Where wages are concerned, the wealthy are no more in control than the labor force. If you want to produce a better product or service, you pay your workers enough to both make them content enough to maintain product/service quality and keep them from taking a better deal with your competitors. It's a core concept of free enterprise. Where the fly enters the ointment is when the government steps in to regulate business or help labor unions to strong-arm the employers. That upsets the balance.
It's in the interest of stockholders to keep employees on staff, yes. But it's even more in the interest of stockholders to minimize costs (like wages) and maximize profits. Money that goes into a dividend for stockholders or into salaries for executives is money that doesn't go to wages, and doesn't help spending power for the workers who actually do the things that the company itself provides to consumers.
When a company sends jobs overseas and lays off employees who are now redundant, where do you think that the increased revenue goes? Some to remaining employees, perhaps, but much more to investors and executives. The act of moving jobs overseas drives wages down for those who stay in America. Executives at companies don't have to allocate that money that way, but they do.
And increasing vertical and horizontal consolidation of industries dramatically increases the power that those at the head of large firms have, and reduces the opportunity for consumers to affect change in the market while also providing fewer opportunities for workers to find another company to work for that might offer a different deal.
Some industries need to be regulated. Financial firms, drug companies, and food manufactureres haven't shown themselves to be very trustworthy in self-regulation. The government may not be much better at regulation, but what other alternatives are there?
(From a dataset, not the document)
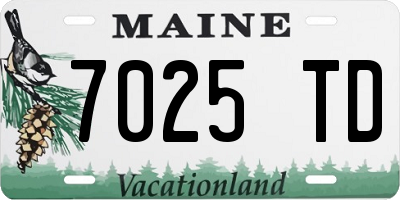 ME license plate 7025TD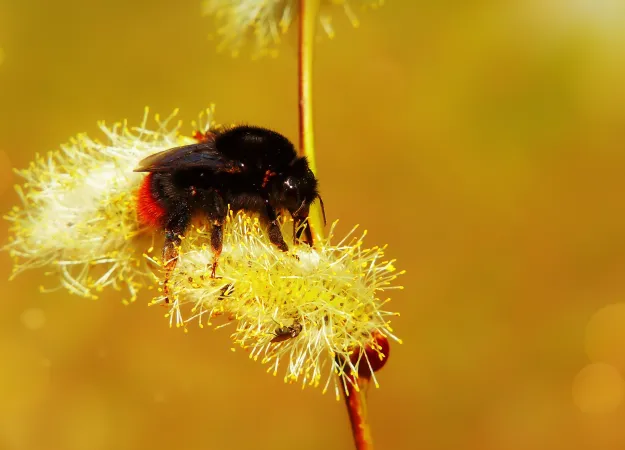 Do you have bugbite allergies?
How many companies in the last decade have run on fraud and fantasies, resulting in executives who run off rich and devastation for everyone else?
Collective bargaining can produce unfavorable results (like with auto worker unions in the US), but unions are often the only real defense that workers have against unfair treatment by employers.
In a strong economy workers may have lots of options of where to work. But in a flagging one, they don't. Workers have to settle for fewer hours per pay period now, and lower pay besides. When the company wants more out of them, they just have to threatent to fire them. Meanwhile, executive pay is at all time record levels. How can anyone other than the executives themselves alter this in any way?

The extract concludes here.